Hedefli tedavilerde yanıt oranları ne durumda öğrenebilir miyiz?

Hedefli tedaviler ile sürücü mutasyonu olan hastalarda yanıt alma şansımız yüzde 70 veya 80’lere kadar çıkabilmektedir. Burada yan etkiler farklılaşabiliyor, örneğin kemoterapide görülen yan etkiler, bulantı, kusma, saç dökülmesi ve myelotoksisite gibi iken hedefli tedavilerde kemoterapiye göre daha iyi tolere edilebilen tedavi opsiyonu olarak görebiliyoruz.

ÜLKEMİZDE AKCİĞER KANSERİ TEDAVİSİ

Ülkemizde akciğer kanser tedavisi ne durumda?

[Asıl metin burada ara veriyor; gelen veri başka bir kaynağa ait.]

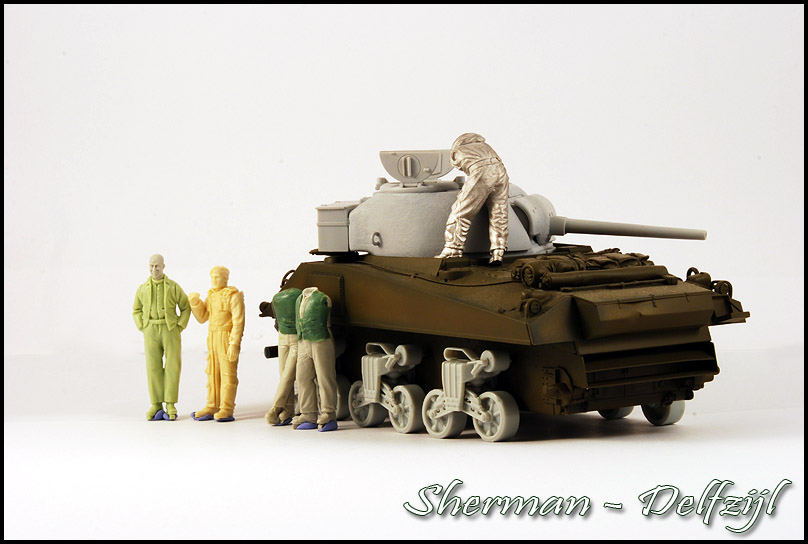 Sherman_dio_4.jpg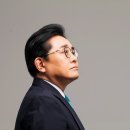 현앤원미디어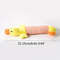 XUiJPet-Dog-Toy-Squeak-Plush-Toy-for-Dogs-Supplies-Fit-for-All-Puppy-Pet-Sound-Toy.jpg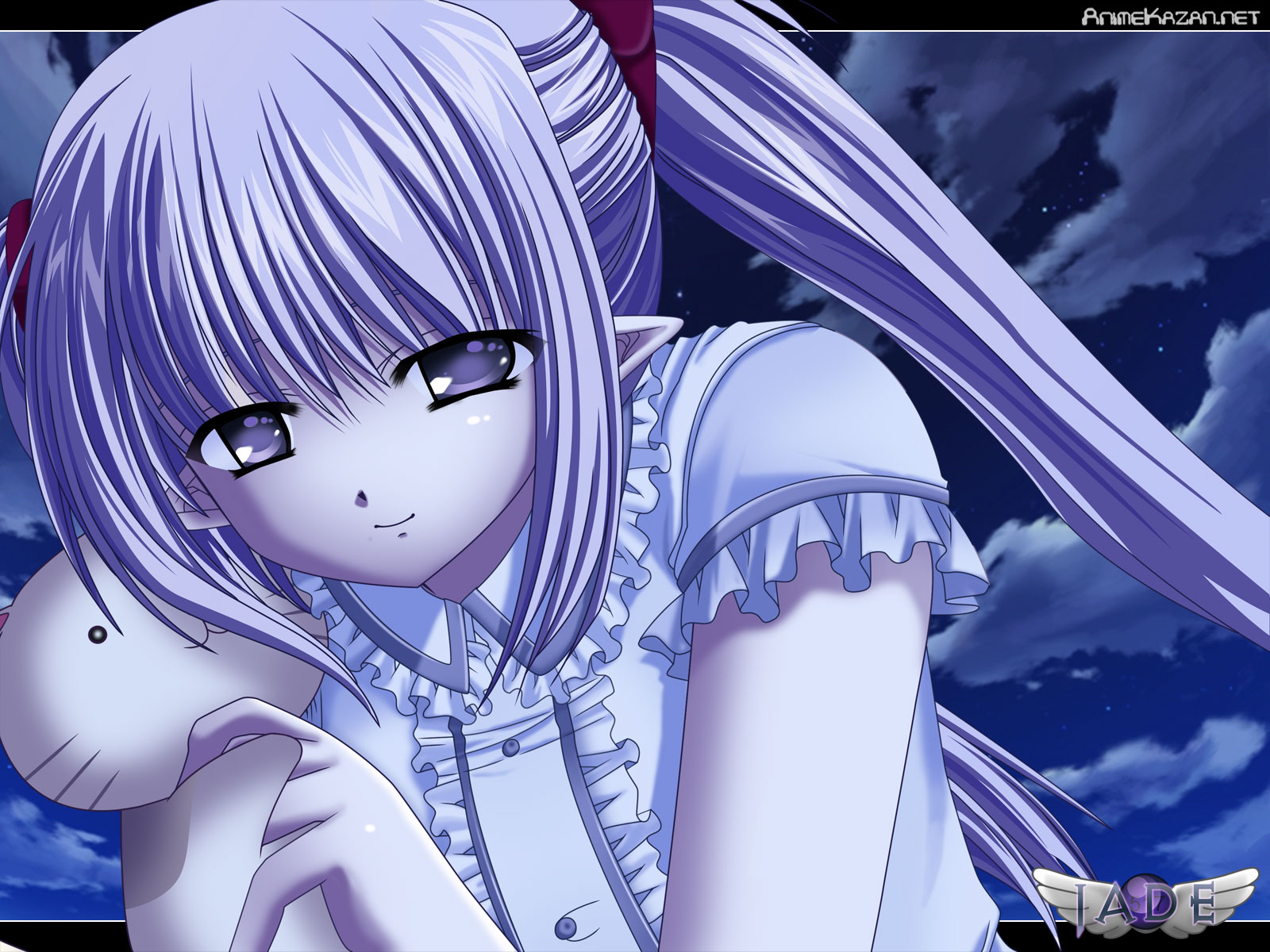 Shuffle / ! /  2 / maxiol_Shuffle_Wallpapers_170541_.jpg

Son dönemde genetik alanında ilerlemeler kapsamlı genomik profilleme ile bir çok kanserin yolakları aydınlanmakta ve bu yolaklara yönelik tedavi opsiyonları gelişmektedir. Tabi bilimin gelişmesinde klinik çalışmalar çok önemli. Klinik araştırmaların önemi vurgulanmalı klinik araştırmalarda hastaların birer denek olmadığının altının çizilmesi gerekir. Çünkü biz birçok yenilikçi ilaca klinik araştırma sayesinde ulaşabiliyoruz. Yine faz 1 klinik araştırmalar ve bu merkezlerinin desteklenmesi de önemli. Örneğin mRNA kanser aşısının çalışmaları Türkiye’de bazı klinik araştırma merkezlerinde devam etmektedir. Ayrıca Türkiye kanser tedavisinde birçok ilacın geri ödemesini yapmaktadır. Bu açıdan birçok ülkeye göre daha iyi bir noktada olduğumuzu söyleyebilirim.

Akciğer kanseri türleri var mı bu türlere ilişkin neler söylersiniz?

Evet akciğer kanserini küçük hücreli tip ve küçük hücreli dışı tip olarak değerlendiriyoruz.  Tüm tiplerinde sigara önemli bir risk faktörüdür. Ayrıca kadın akciğer kanser insidansı artmaktadır. Sigaranın akciğer risk artışı kadınlarda daha belirgindir. Bu açıdan daha dikkatli olmalıyız. 

Peki sigara içen birine verdiğiniz tedavi farklılık gösteriyor mu?

Yapılan çalışmalarda sigara içmeyenler de hedefli tedavi şansının daha fazla olduğu gösterilmiş.  Sonuç olarak mümkünse sigara ve tütün ürünlerine hiç yaklaşmamız eğer kullanıyorsak bir an önce bırakmamız ve bunun teşvik edilmesi çok önemli. Ayrıca uzun yıllar sigara kullanan hastalar içinde tarama programlarına başvurması çok önemli.